The U-Visa and Traveling Abroad

The U-Visa and Traveling Abroad

There are various times during the U-visa process that an applicant may wish to travel abroad. If you filed your U-visa application while in the United States, it can be risky to go abroad while the application is pending, or even after it has been approved.

Additionally, an applicant can file for U-nonimmigrant status from abroad.

Filing Your U-Visa Application From Abroad

Applying for U-nonimmigrant status from abroad is very similar to filing for U-status from within the United States; however, there are some slight differences.

The two main differences are that applicants abroad have the additional step of filing for an actual U-Visa stamp, with which they can enter the United States. An actual visa stamp can only be issued by a consulate or embassy abroad, so after USCIS approves your I-918, you will still have to file for a visa stamp before you are allowed to enter the United States

Additionally, you cannot file for work authorization until you enter the United States, whereas applicants who are present in the United States file for work authorization at the time of filing the initial applications.
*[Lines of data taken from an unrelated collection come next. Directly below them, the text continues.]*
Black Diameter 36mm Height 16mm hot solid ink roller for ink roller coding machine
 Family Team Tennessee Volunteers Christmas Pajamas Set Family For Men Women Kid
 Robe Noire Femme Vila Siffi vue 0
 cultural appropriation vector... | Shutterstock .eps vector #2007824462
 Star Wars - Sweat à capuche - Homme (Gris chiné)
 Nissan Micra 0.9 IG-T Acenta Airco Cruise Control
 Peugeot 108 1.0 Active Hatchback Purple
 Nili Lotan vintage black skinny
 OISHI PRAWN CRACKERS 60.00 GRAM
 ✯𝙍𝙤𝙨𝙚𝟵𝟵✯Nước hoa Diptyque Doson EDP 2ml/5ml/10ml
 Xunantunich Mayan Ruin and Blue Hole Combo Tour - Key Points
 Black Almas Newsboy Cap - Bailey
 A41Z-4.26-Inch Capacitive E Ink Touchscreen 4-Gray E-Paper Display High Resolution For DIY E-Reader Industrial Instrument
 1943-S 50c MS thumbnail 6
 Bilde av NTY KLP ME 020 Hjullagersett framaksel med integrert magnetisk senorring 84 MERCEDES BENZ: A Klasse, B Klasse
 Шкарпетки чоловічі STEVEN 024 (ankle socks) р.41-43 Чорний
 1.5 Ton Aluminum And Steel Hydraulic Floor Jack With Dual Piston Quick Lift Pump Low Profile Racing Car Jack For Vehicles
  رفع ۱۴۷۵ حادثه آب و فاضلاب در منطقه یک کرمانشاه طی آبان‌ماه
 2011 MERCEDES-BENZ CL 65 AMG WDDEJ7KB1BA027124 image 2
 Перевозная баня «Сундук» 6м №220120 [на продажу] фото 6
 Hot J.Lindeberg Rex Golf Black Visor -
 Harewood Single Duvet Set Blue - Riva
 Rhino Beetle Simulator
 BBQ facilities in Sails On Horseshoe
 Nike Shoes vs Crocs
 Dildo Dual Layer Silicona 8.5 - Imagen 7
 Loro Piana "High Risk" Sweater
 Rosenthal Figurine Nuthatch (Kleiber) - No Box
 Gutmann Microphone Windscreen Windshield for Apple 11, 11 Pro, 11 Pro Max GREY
Applicants Who Have Filed Their U-Visa Applications in the US, But Who Need to Travel Abroad While the U-Visa is Pending

While your application for U-visa status is pending, typically, it is not advisable to travel abroad. If you travel abroad before USCIS adjudicates your I-918 petition, you will be stuck outside of the United States until USCIS approves your case and transfers it to your nearest embassy or consulate. If you travel abroad while your application is pending, it’s as if you filed it while abroad (see above).

If you are present in the United States and have filed an application for a U-visa, you should consult an experienced attorney before leaving the United States.

Can I Travel Abroad Once My U-Visa Application Has Been Approved?

In most instances, it is not advisable for people in U-visa status to travel abroad, even after U-visa status has been granted. If you’d like to travel overseas while in U-visa status, you should consult with an experienced attorney who can explain all of the risks involved with such travel.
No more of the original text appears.